Un humain est autant poussé par les forces de vie que de mort. Chaque communauté essaie de mettre des freins aux forces de mort, à la destruction du travail de l'autre, aux rivalités paranoïaques où les décisions prises visent davantage à casser le voisin qu'à faire avancer une situation. Chacun, enseignant comme politique, aurait à se confronter à l'éthique de son action et toujours se demander ce qui le pousse à faire ou dire ceci ou cela : dans quel règlement de compte il est pris et pour quel bénéfice de l'ensemble. Nos égoïsmes, nos luttes de pouvoirs sont du côté des forces de mort, et chacun en est responsable. Peut-être suis-je naïve d'en appeler à l'éthique de tous - à commencer par soi -, puisque celui qui y souscrit sera forcément perdant face à qui persévère dans la logique égocentrique où il fait passer ses intérêts avant ceux des autres et se désintéresse de la solution d'ensemble. On a peine à conjuguer logique d'ensemble et logique individuelle. Pourtant, je continue à penser que le domaine de l'éducation et de l'enseignement aurait à s'y essayer sans relâche.
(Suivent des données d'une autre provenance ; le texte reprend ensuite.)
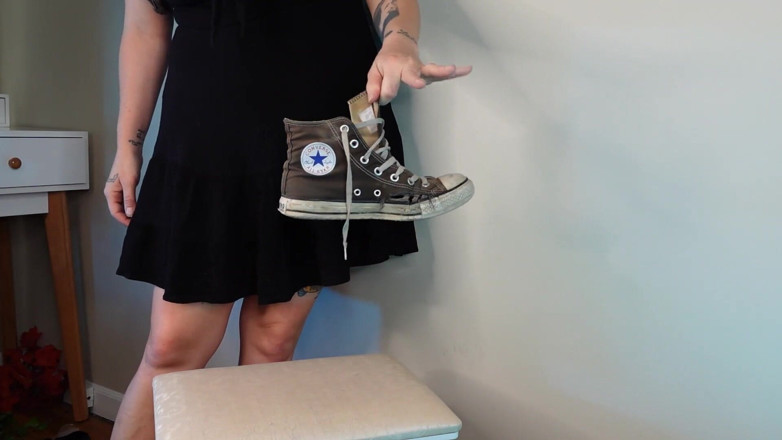 Deanna deadly: POV turned into my converse shoes (and back again)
Sommes-nous dans un moment de bascule où certains seront dans le travail et d'autres dans une survie d'assisté ? Seuls les historiens de demain pourront mesurer ce qui a été signifiant dans notre époque. Pour l'instant, nous ne pouvons que nous contenter de nos convictions et de nos entêtements, croire en l'espace ouvert d'une école et lutter pour que cette institution ni ne détruise les initiatives des adultes ni ne laisse des enfants vides de projets d'avenir.